Le public entrait dans la salle de spectacle comme dans une galerie d’art. L’espace était peuplé d’artéfacts de toutes sortes : sculptures, dessins, objets trouvés etc. De grands rideaux de papier troués divisaient l’espace, le ruban adhésif réunissant les différents morceaux scintillaient sous les projecteurs, lorsque les feuilles dansaient au gré des courants d’air. Des chaises et des coussins étaient disposés à travers les œuvres, pour permettre à l’audience de prendre place au centre de l’action.
Sylvie Cotton était assistée de ses collègues Maude Arès (scénographie et sculptures), Magali Babin (conception sonore) et Kathy Kennedy (composition musicale). Les quatre artistes portaient des combinaisons de travail rouges. Cotton a entamé un monologue d’environ une heure, entrecoupé de paroles chantées, de segments musicaux et de projections vidéo.
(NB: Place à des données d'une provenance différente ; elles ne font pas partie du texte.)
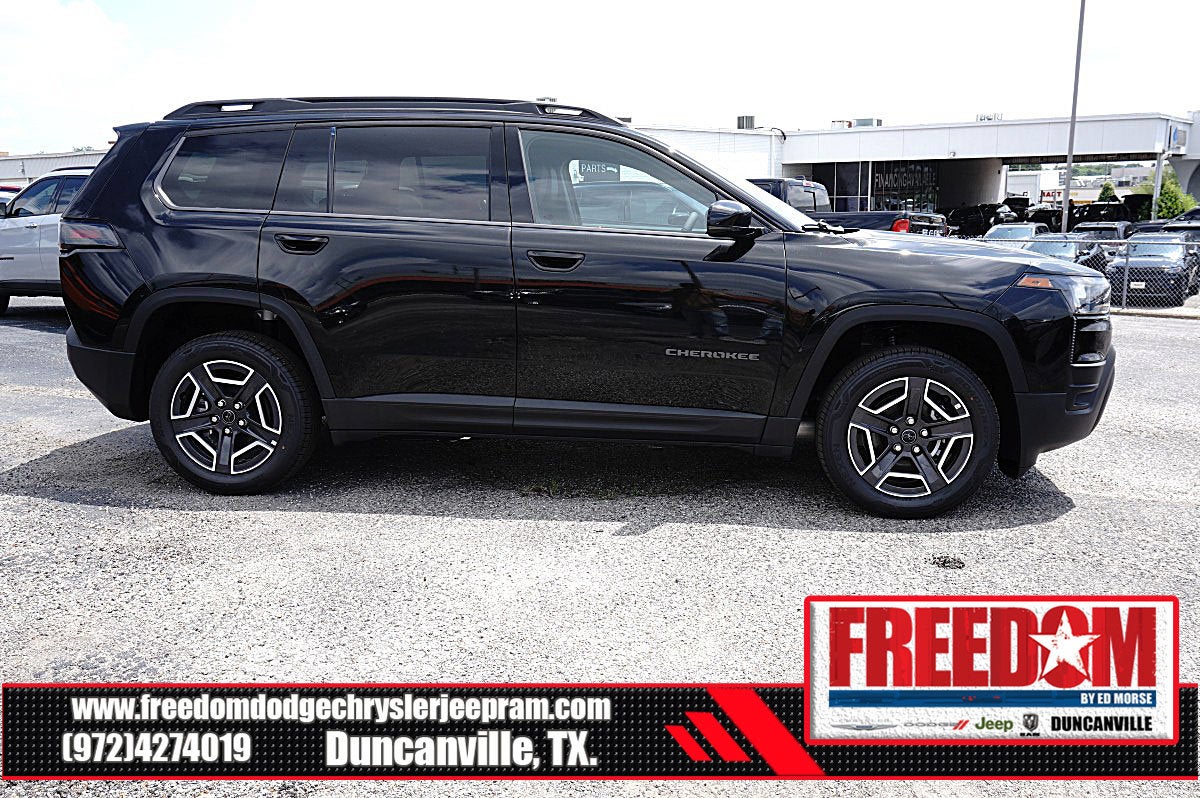 2026 Jeep Cherokee Limited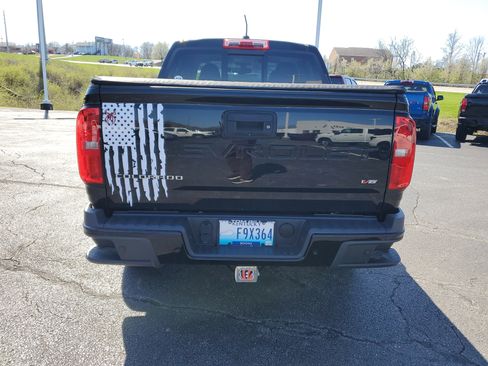 Used 2022 Chevrolet Colorado Z71 w/ Z71 Midnight Edition image 5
Ses comparses prenaient place au micro en alternance pour respirer amplement et faire entendre leur souffle. Fières et attentives, les « Respireuses » tissaient un arrière-plan venteux qui allait nous escorter jusqu’à la fin de la représentation.
Au fil de ses récits, toujours en mouvement, Cotton déambulait dans l’espace et nous racontait sa vie. Une installation gonflable respirait doucement près d’un socle couvert de bibelots faits main. La créatrice me confiait à la fin de la soirée, qu’elle disposait de près d’une trentaine de fragments avec lesquels elle jonglait d’une séance à l’autre. Passant d’un souvenir intime d’adolescence, à un extrait tiré d’un livre bouddhiste, puis à un fait scientifique concernant le corps humain.
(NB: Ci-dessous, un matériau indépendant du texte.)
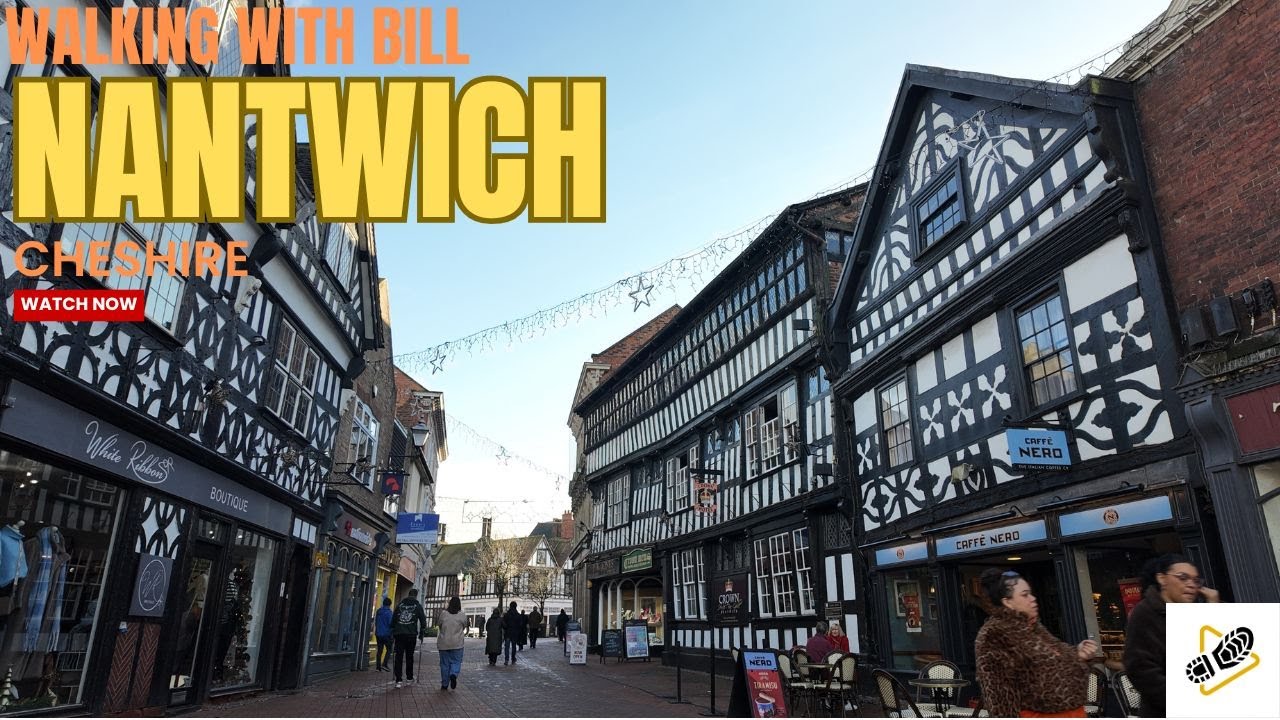 Nantwich | Cheshire, England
Quelques sculptures mises de l’avant par Cotton dans son discours, étaient ensuite offertes à l’auditoire, placé aux quatre coins de la salle. Les objets passaient de main en main. Cette douce danse accompagnait les mots de l’artiste : « Je respire depuis 62 ans. […] Quand on revient au souffle, il n’y a plus d’illusion possible. Il n’y a rien de plus vrai. […] Un souvenir de respiration avec papa. Quand on respire, on est ensemble. […] À 16 ans, ma première peine d’amour. Je ne sais plus comment respirer. […] Respirer m’apprend à faire l’amour. Faire l’amour m’apprend à respirer. […] Dans ma vingtaine et dans ma trentaine, je ne respire pas. Je suis travailleuse culturelle. Je travaille, travaille… Les seuls moments où je respire c’est quand je fume une cigarette. »
À travers une épreuve de présence et d’endurance, Cotton nous a fait cadeau de son souffle. Par le biais de sa proposition organique et poétique, à la fois féministe, politique et méditative, la créatrice a témoigné d’une grande sagesse. Malgré toute l’attention portée à la respiration durant cette soirée, la mienne est restée calme et naturelle, jamais forcée, bercée par les histoires et l’univers de Sylvie Cotton.